The earliest signals of that maturity were the burgeoning bottled in bond releases from the craft distilleries themselves, but negociant Lost Lantern’s Fall 2024 collection confirms and consolidates the maturity of craft whiskey: it consists of four 10 year old, single barrel, cask strength bottlings from craft distillers from around America.
Lost Lantern was founded by Nora Ganley-Roper, a former Sales Manager at Astor Wine & Spirits, and Adam Polonski, a former senior writer at Whisky Advocate. The company is a bottler of sourced whiskeys in the same tradition as so many negociants in Scotland and Ireland, a business model that, even today, is rare in the United States. In this country, folks in the sourced whiskey business prefer to use the sourced whiskey to craft their own brands and not identify with the source. The model pursued by Roper and Polonski does both that and produces regular single barrel releases that are tied by name to the source distillery. In the case of the Fall 2024 collection, some of those four whiskeys are older than anything the distillery of origin has ever released under their own banner.

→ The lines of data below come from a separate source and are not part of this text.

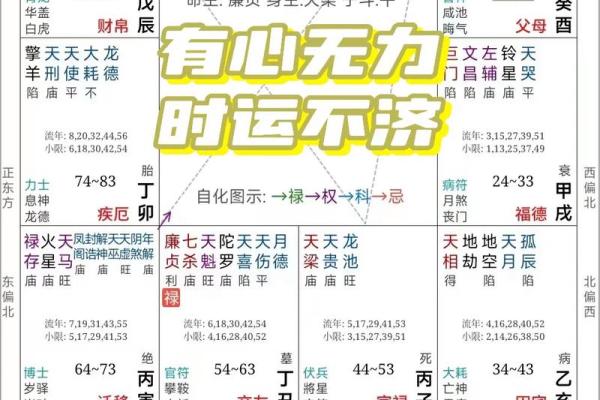 紫微斗数之后天运势－－岁限的分析推断：大限分析推演的基本方法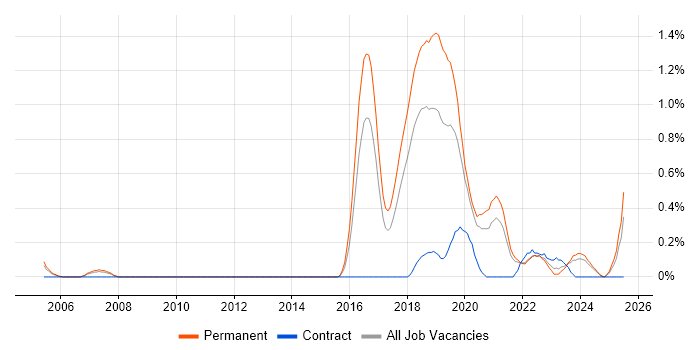 Job vacancy trend for CompTIA Security+ in Gloucestershire Job vacancy trend for CompTIA Security+ in Gloucestershire
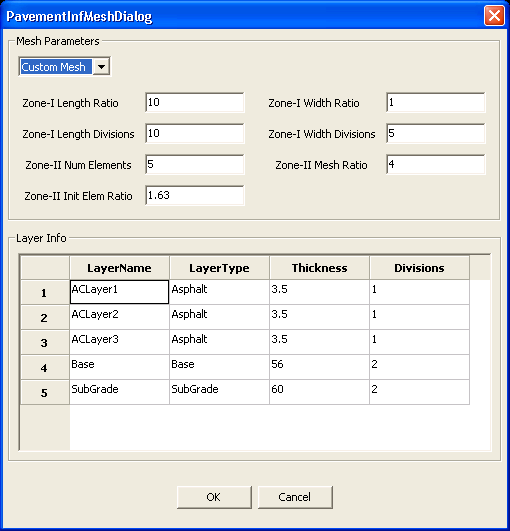 Figure 217. Screen capture. Mesh properties dialog. This figure shows a screenshot of the user interface ready to accept the data for mesh discretization. It shows the interface with the following data entry fields: Zone-I Length Ratio, Zone-I Length Divisions, Zone-I Width Ratio, Zone-I Width Divisions, Zone-II Num Elements, Zone-II Mesh Ratio, and Zone-II Init Elem Ratio. Also, a tabular form is shown, with the configured properties of the pavement layer, which has a column to specify the discretization of each layer.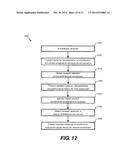 CORRELATION FOR USER-SELECTED TIME RANGES OF VALUES FOR PERFORMANCE     METRICS OF COMPONENTS IN AN INFORMATION-TECHNOLOGY ENVIRONMENT WITH LOG     DATA FROM THAT INFORMATION-TECHNOLOGY ENVIRONMENT diagram and image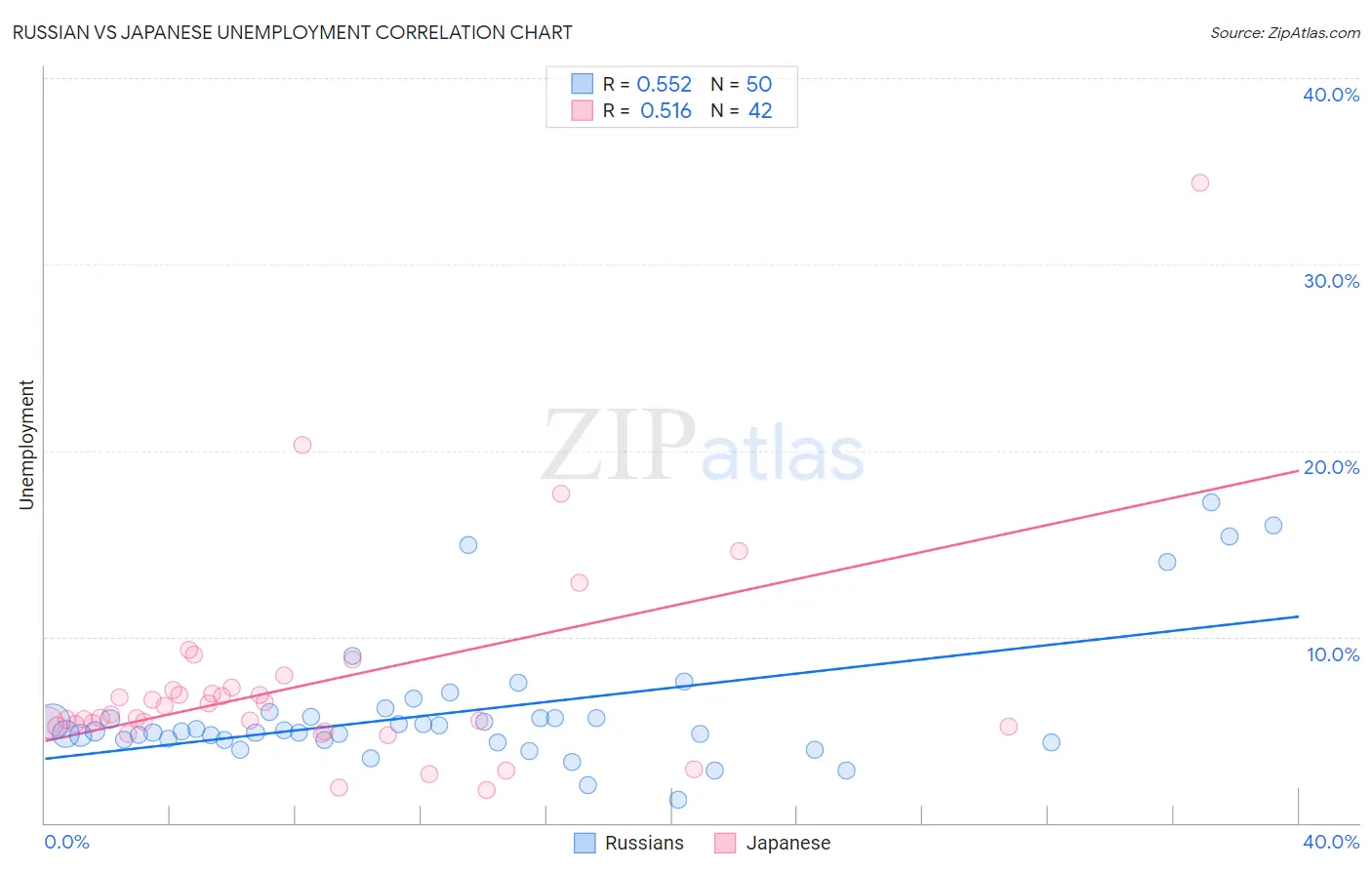 Russian vs Japanese Unemployment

These days, 10 year old single barrels sit in a gray zone between ordinary premium and (truly) super premium expressions. Examples include the Michter’s 10 year old bourbon and rye, Rebel Yell’s 10 year old bourbon, Eagle Rare and others that routinely command a low, three-digit price. All bottlings in the collection are priced at $150, so very much on par with their peers.

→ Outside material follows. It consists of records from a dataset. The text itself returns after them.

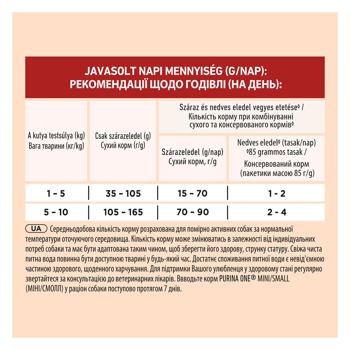 Purina One Sensitive Dry Food with Salmon and Rice for Small Breed Dogs with Sensitive Digestion 800g - buy, prices for MegaMarket - photo 4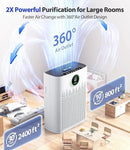 Air Purifiers for Home Large Room, with Smart Mode, Cover Up to 2400 Ft², PM2.5 Air Quality Display, 22dB Sleep Mode, Aromatherapy with 2X-Purification & 360°Air Outlet, HAP603, Bright White by CozyNest Decor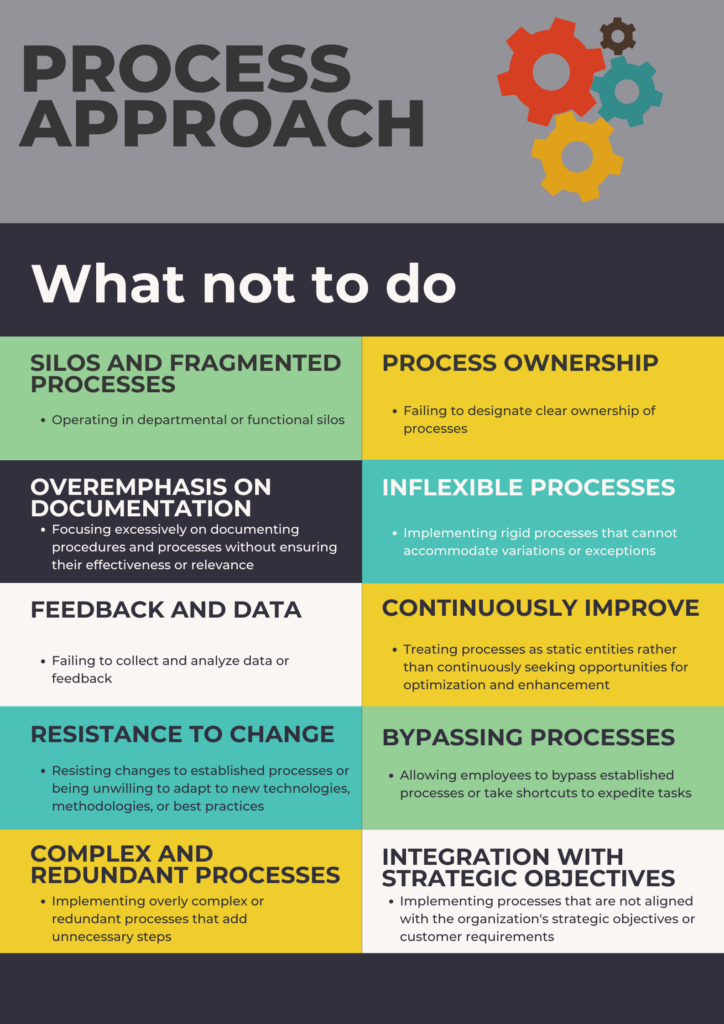 7 principles of ISO 9001 - Process Approach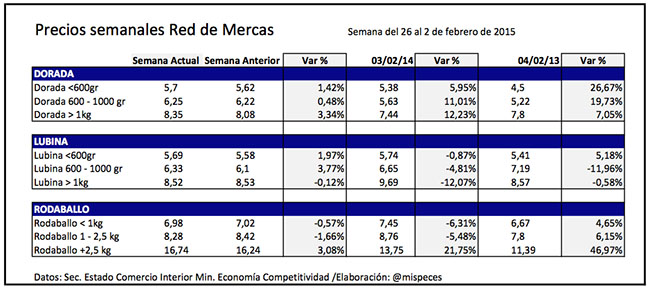 precios-merca-26ene-2feb-2015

By putting four such expressions in a collection, Lost Lantern is making the statement better than I ever have: craft whiskey is mature, y’all.
New York Distilling 10 Year Old Rye
Rating: B+
125 bottles, 133.8 proof
This rye was made in that hotbed of urban distilling, Brooklyn. The mash is 72% rye, 16% corn, and 12% malted barley, which was then entered into char #3, 53-gallon American Standard Barrel (ASB) at 115 proof. I found the coloring a deep, dark amber, and that after a double splash of water. The nose gave me a spice blend that leaned hard on nutmeg, ginger and cloves, with a current of mustiness. From there, the flavor jinked towards sweetness, with a hint of vanilla and a dash of cookie spices. The finish also ran like a sweeter rye, with a light note of wood, but that faded fast and left a marginal ashy note to linger on.

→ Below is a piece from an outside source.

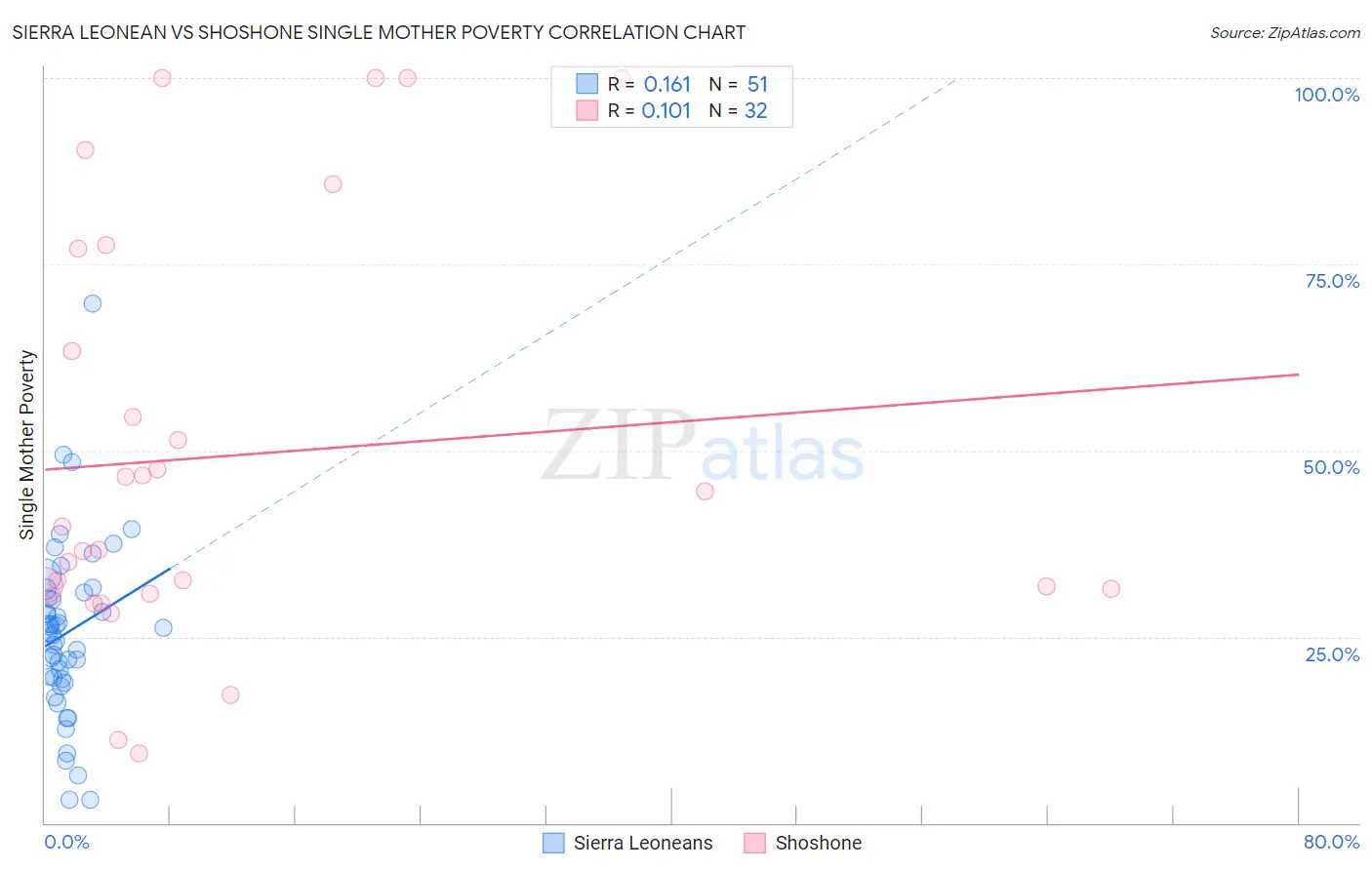 Sierra Leonean vs Shoshone Single Mother Poverty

Spirit Works 10 Year Old Rye
Rating: B+
120 bottles, 139.2 proof
The second rye in the collection comes from Sonoma County, California, some 3,000 miles from Brooklyn. Made by an all-woman team from a 70% rye, 10% malted rye, and 20% malted barley mash, it was entered into a char #4 ASB at 114 proof. The pour comes out as a browned middle amber, with a nose that leads with that pumpernickel and treacle scent that is so familiar to whiskeys with malted rye in them. It leads so much so that one would be forgiven for thinking that the malted rye was more than a mere 10% of the mash. Behind that, the nose carried some plums and vanilla. The palate is quite smooth, smacking of dark and moody fruits, backed by ginger and vanilla.
Tom’s Foolery 10 Year Old Bourbon
Rating: A-
82 bottles, 119.4 proof
Ohio’s Tom’s Foolery began as a hobby scale micro-distillery in 2008 and grew to its current renown among craft whiskey diehards with time. They are very reliant on traditional methods and a lot of hand labor, as well as being a farm distillery that grows most or all of the corn used in any given batch of bourbon, such as this one. They are one of the few small distillers in America to have already released whiskeys of their own at or beyond the 10 year age mark. The mash is 63% corn, 10% winter rye, and 27% malted barley, with the new make entered into a char #4 ASB at a relatively low 109.5 proof. The color in the glass is a dark, browned amber, while the nose combined a light, sweet foundation with a thick coating of nuttiness. The flavor leads with an oatcracker coated with blended nut butter, but that is rapidly swamped by a thick wave of brown sugar and vanilla. The finish wrapped up with a lingering vanilla bean note.
Westland Distillery 9.99 Year Old Single Malt
Rating: A-
185 bottles, 109.8 proof
Two things to note. One is that the folks at Westland do not like having their distillery classed as “craft.” Also, the reason Lost Lantern bottled this whiskey a day short of being 10 years old is because Westland hasn’t released a 10 year old of their own yet, and apparently there was a desire to not upstage them. This one was made with malted barley peated using imported Scots peat. Whether that was from Islay, another island or the mainland is not known (and terroir matters for peat), but the barley was peated to approximately 55 ppm. That was entered at 110 proof into a new ISC Cooper’s Select barrel, with a light toasting and heavy charring. The coloring came out as a flat, dull mid-amber. The nose lead with its wood, followed by malty honey and cookies spices, and finally a whiff of smoke. The flavor put the malty honey and cookies spices up front, now followed by a nutty note and finally a light dusting of ash. The finish turned out to be the most complex part of the experience, opening as ash and spice, turning to nuts and spice, and then finally fading off as just spice.